» ACTION ITEM: Return only the lines below starting at the line containing "Ligamentoplastie Kenneth Jones" and ending at the line containing "Acute-myeloid-leukemia-with-myelodysplasiarelated-changes-1", both included, exactly as they are and with no pictures.

» EXERCISE INPUTS:
■ ■ ■

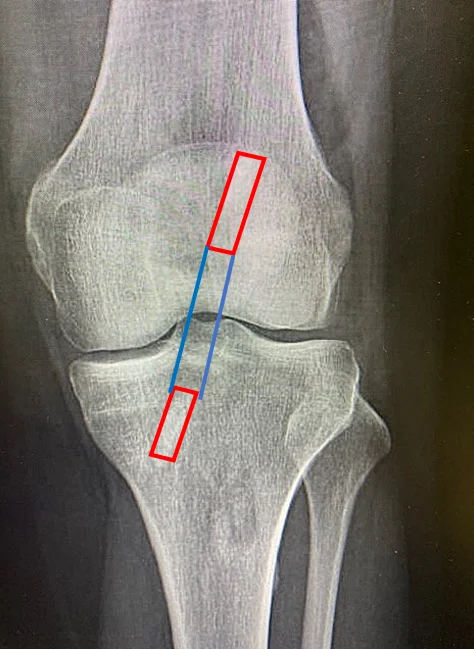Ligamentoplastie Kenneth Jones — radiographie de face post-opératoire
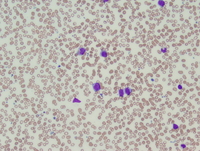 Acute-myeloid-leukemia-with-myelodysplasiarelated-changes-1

■ ■ ■

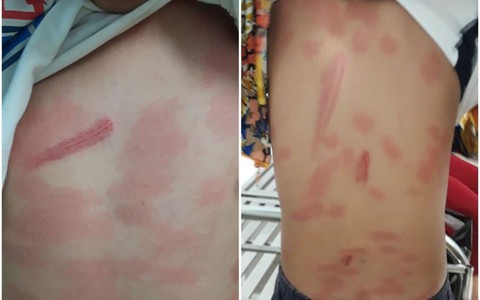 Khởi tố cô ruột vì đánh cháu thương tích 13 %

■ ■ ■

» RESULT OF THIS TASK:
Ligamentoplastie Kenneth Jones — radiographie de face post-opératoire
 Acute-myeloid-leukemia-with-myelodysplasiarelated-changes-1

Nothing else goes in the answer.